Care Coordination (Pathways HUB)

Program Overview

Physical health, behavioral health, and social support systems historically do not coordinate their services well. Numerous barriers prevent patients moving seamlessly from one service system to another. Community Based Care Coordination brings standardization and organization to care coordination services delivered in the CPAA region. The HUB is an evidence-based model to improving care coordination by working with care coordinators to identify high-risk individuals, complete a comprehensive health assessment, identify risk factors, and determine what standardized “pathways” a care coordinator should employ with the individual. By implementing this model and forming a HUB of providers, referral sources, and payers, the region can jointly prioritize the needs of specific populations. This structured approach to community-based care coordination is a strategy that helps leverage our limited resources to deliver whole-person care and become more effective and efficient at improving health outcomes. In addition, community-based care coordination helps simplify the complex web of services provided to individuals with complex needs, will lead to more effective services for patients, and will generate a new data set that will better inform HUB participants for continual quality improvement.

Top Metrics for Improvement

Metrics for this project are currently in draft form and are being updated by the Health Care Authority.

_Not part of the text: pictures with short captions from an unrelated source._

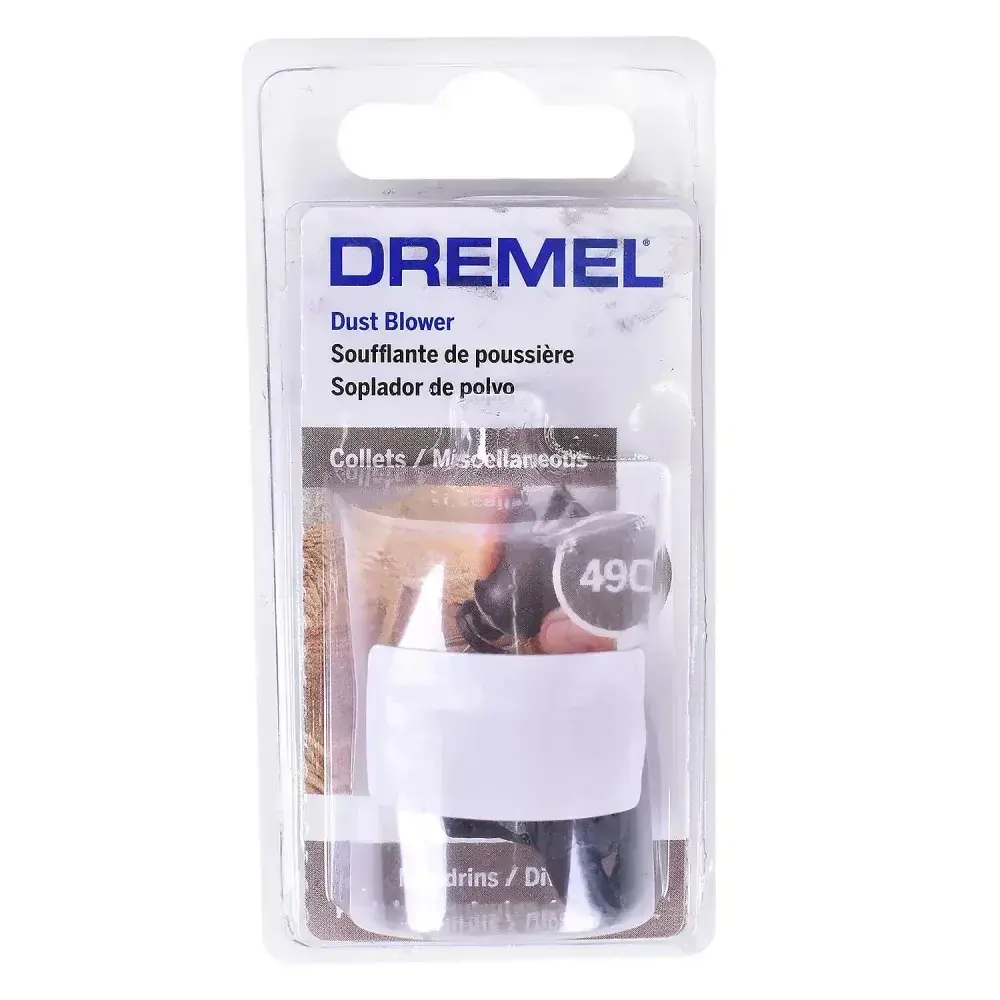 Soprador de pó para mandril de microrretífica 490 Dremel — fotografia 10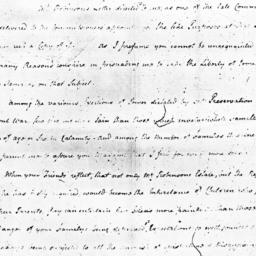 Document, 1777 March 21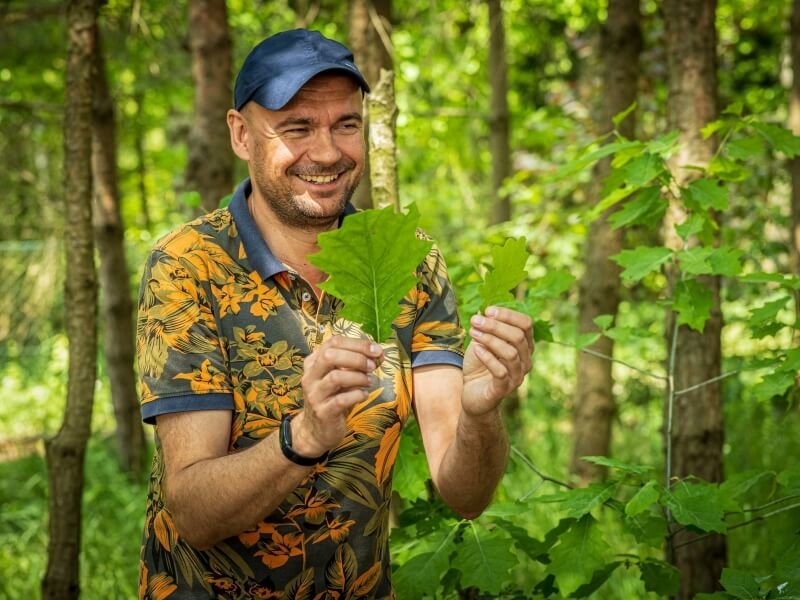 Dr. Mariusz Antolak iš Lenkijos pristatys naują „foodscape“ dizaino kryptį. Nuotr. M. Antolak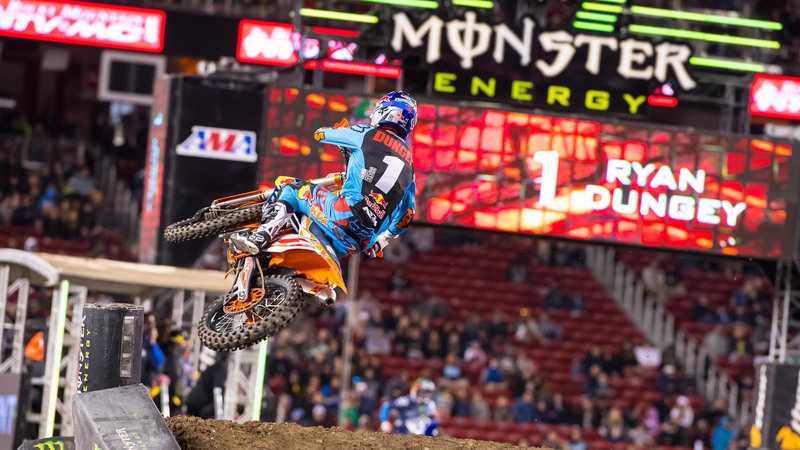 AMA Supercross Round 12: Santa Clara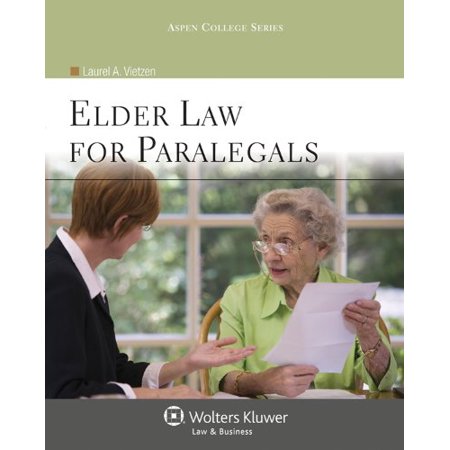 Pre-Owned Elder Law for Paralegals [Connected eBook](Aspen College), 9780735508675, 0735508674, Paperback, 1 edition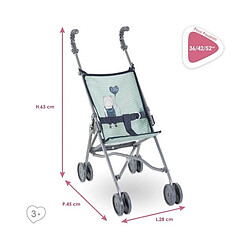 Avis Corolle Poussette canne pour poupée - Vert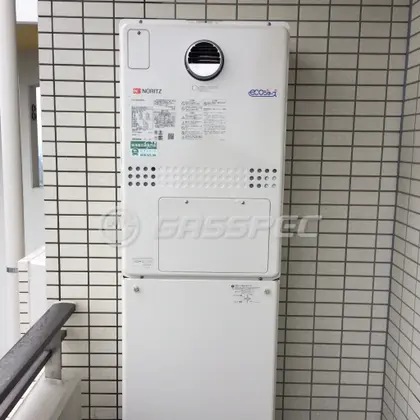 施工後の暖房熱源機（ノーリツ GTH-C2450AW3H-1 BL）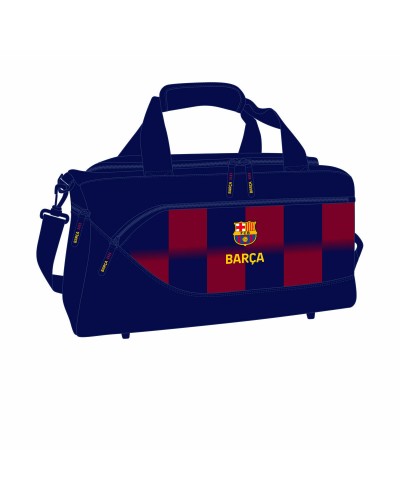 Bolsa de Deporte F.C. Barcelona Azul Granate 50 x 25 x 25 cm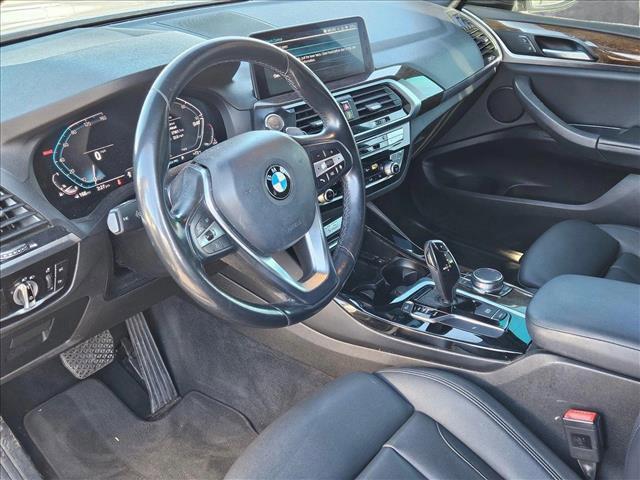 used 2020 BMW X3 car, priced at $20,498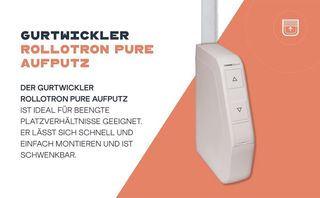 Motor persiana Homepilot 30 kg 10152330 PRECINTADO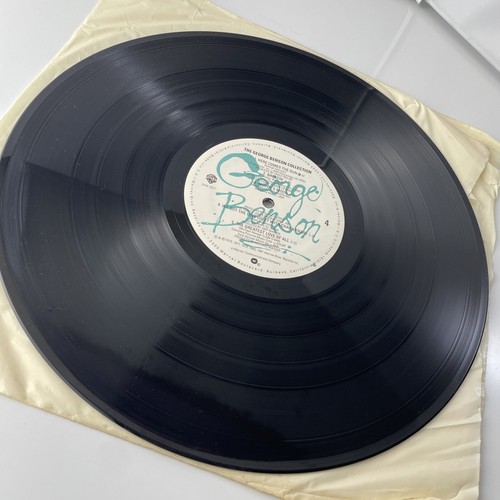 PROMO The George Benson Collection 2x LP Greatest Hits Embossed VG Rare - Picture 13 of 16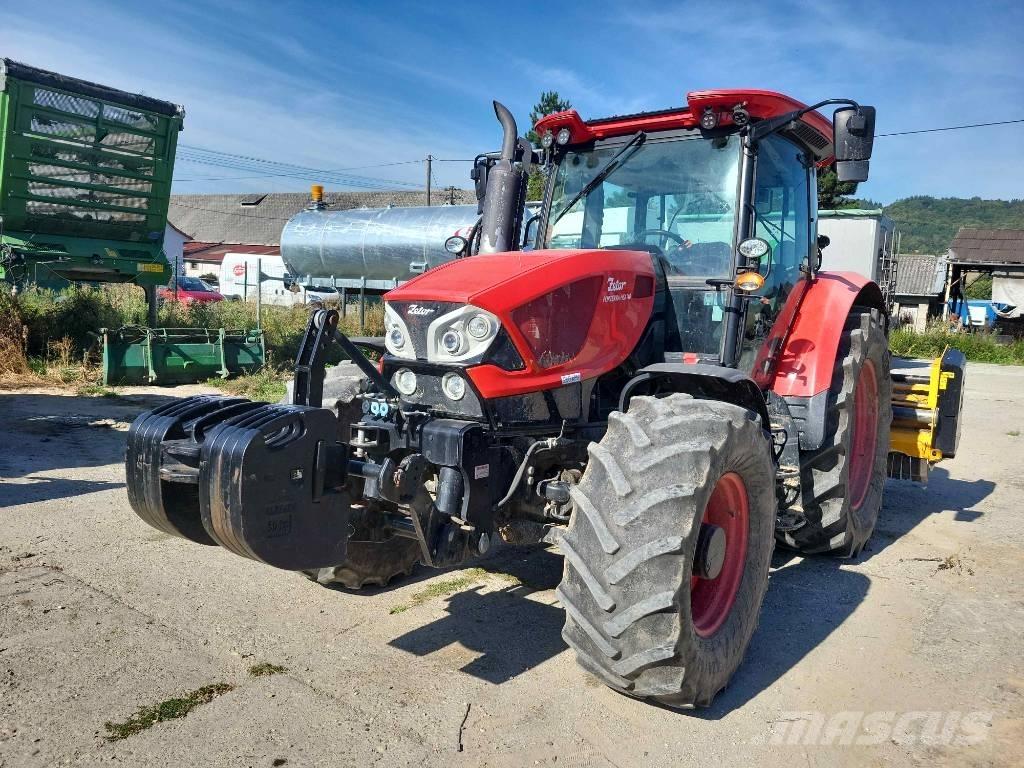 Zetor FORTERRA 140 Tractores
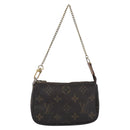 LOUIS VUITTON Monogram Mini Pochette Accessoires Pouch M58009 LV Auth 214857-2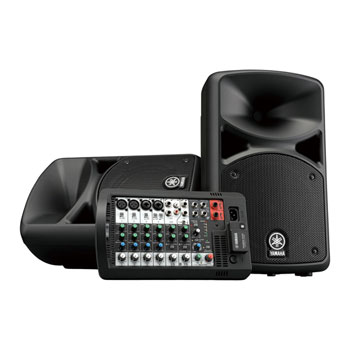 (Open Box) Yamaha  StagePas 400BT Portable PA System : image 1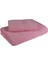 Armürlü Fitilli Havlu 2'li Pembe 50X90 1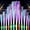 24 PCS, variant on 24Pcs LED Fiber Optic Light Sticks, Color Changing Glow Props for 2026 World Cup Party Concert Cheer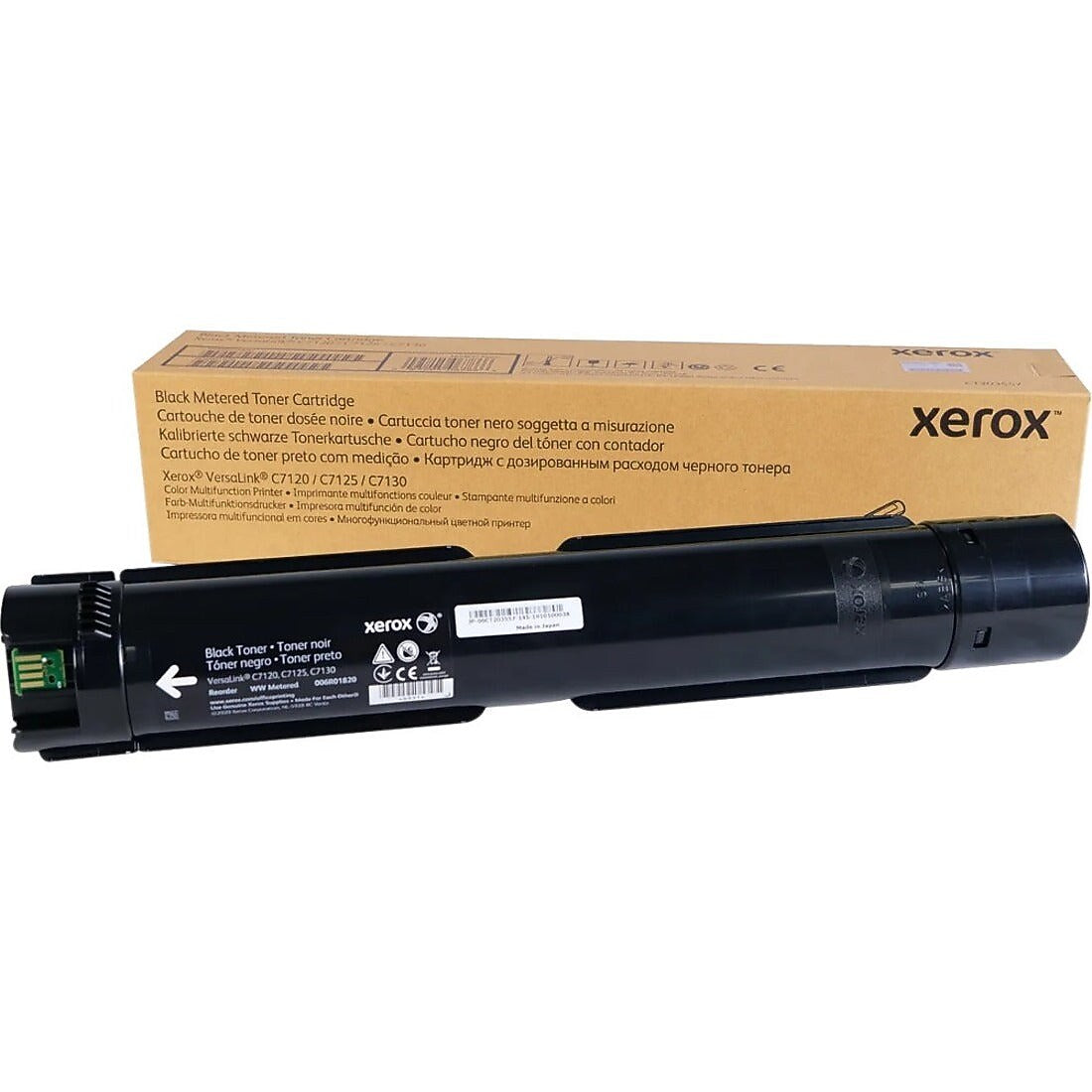 Xerox Black Extra High Capacity Toner Cartridge, Up to 31,300 Pages (006R01824)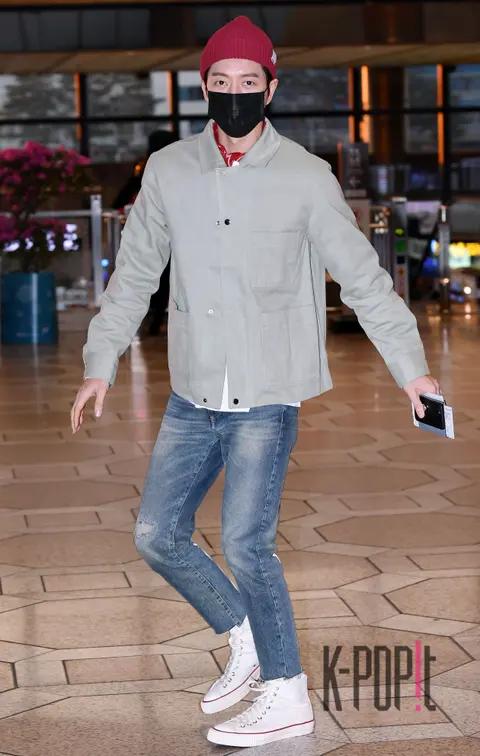 Park Hae-jin — Airport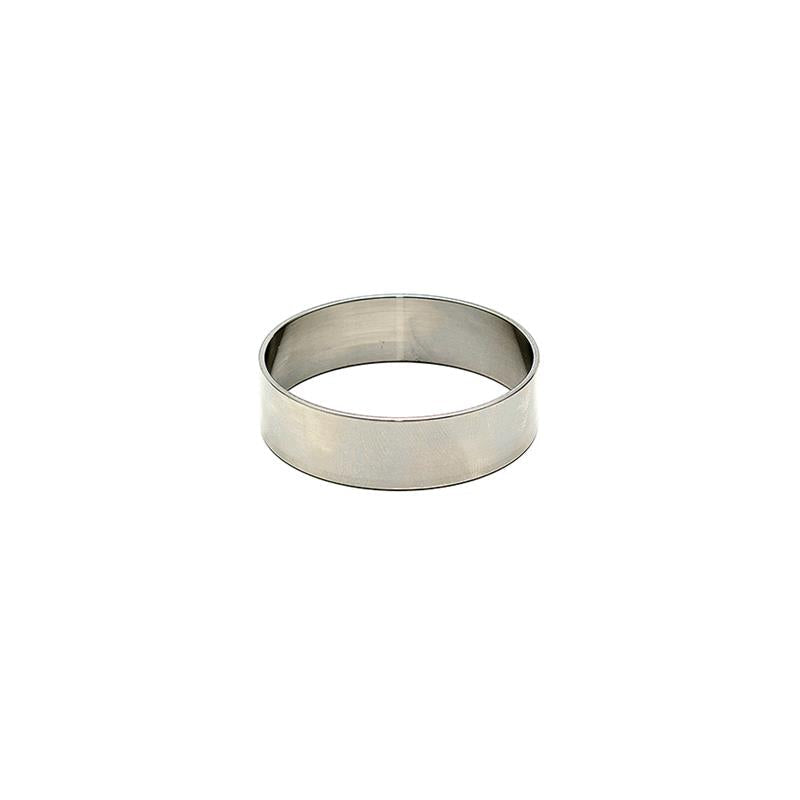 Anillo De Acero Para El Pene Color Plata Talla (Interno):50 Mm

The metrics under consideration include:

• Number of partners trained by focus area or pathway: projected vs. actual and cumulative
• Number of partners participating and number implementing each selected pathway
• % PCP in partnering provider organizations meeting PCMH requirement
• % partnering provider organizations using selected care management technology platform
• % partnering provider organizations sharing information (via HIE) to better coordinate care
• % of partnering provider organizations with staffing ratios equal or better than recommended
• Number of new patients with a care plan
• Total number of patients with an active care plan
• Mental Health Treatment Penetration (Broad Version)
• Outpatient Emergency Department Visits per 1000 member months
• Percent Homeless (Narrow definition)
• Plan All-Cause Readmission Rate (30 Days)
• Substance Use Disorder Treatment Penetration
• Follow-up After Discharge from ED for Mental Health
• Follow-up After Discharge from ED for Alcohol or Other Drug Dependence
• Follow-up After Hospitalization for Mental Illness
• Inpatient Hospital Utilization

Outcome

• A Community HUB will be created to collaborate across organizations and to target specific populations to serve
• Care coordination services will be standardized and clients equitably distributed among Care Coordinating Agencies (CCA)
• Individuals and families in target populations will receive one single care coordinator when they enter the system
• Data will be standardized and centralized through the HUB and used to map patterns of need, access, and the most critical gaps in services to fill
• Outcome based payments will create a reliable marketplace where purchasers can easily value and acquire care coordination services

Evidence-Based Approach

This project area implements the Pathways Community HUB model developed by Dr. Sarah Redding in Ohio. The model has been successfully implemented across the United States and has demonstrated improved outcomes and savings in multiple settings. The research literature has documented specific positive outcomes with the at-risk pregnancy population, and Pathways implementation to serve a chronic disease population is currently being studied with promising initial results.

Stakeholders

Behavioral Health Providers, Community-Based Social Service Organizations, Medicaid Managed Care Organizations, Pediatricians, Primary Care Providers, Public Health, Health Care Administrators

Transformation Timeline and Milestones

Project Work Group is working on:

1. Current state assessment
2. Identify Domain 1 strategies that support project
3. Finalize target populations and evidence-based approaches
4. Determine partnering providers
5. Complete implementation plans
6. Plan describing regional transition to fully-integrated managed care

Project Implementation in 2019, and scaling-up in 2020.

• CPAA will work with up to six Care Coordinating Agencies by the start of 2019 to implement the model
• CPAA will serve about 400 people in the first year of implementation
• CPAA will expand capacity throughout the Transformation to serve about 4,500 people by the end of the transformation period

Social Determinants of Health and Care Coordination

Care coordination services are an important aspect of care delivery because they connect people to resources that support the broader social determinants of health. The Pathways HUB model specifically assesses all aspects that contribute to wellness and provides standardized Pathways that help people access and obtain the help they need. Examples include education, employment, and housing. The Pathways model also emphasizes that clients should set their own goals and be supported by care coordinators. This means that services are not driven by organizational bottom lines, but the specific things that people need the most to make improvements in their own lives.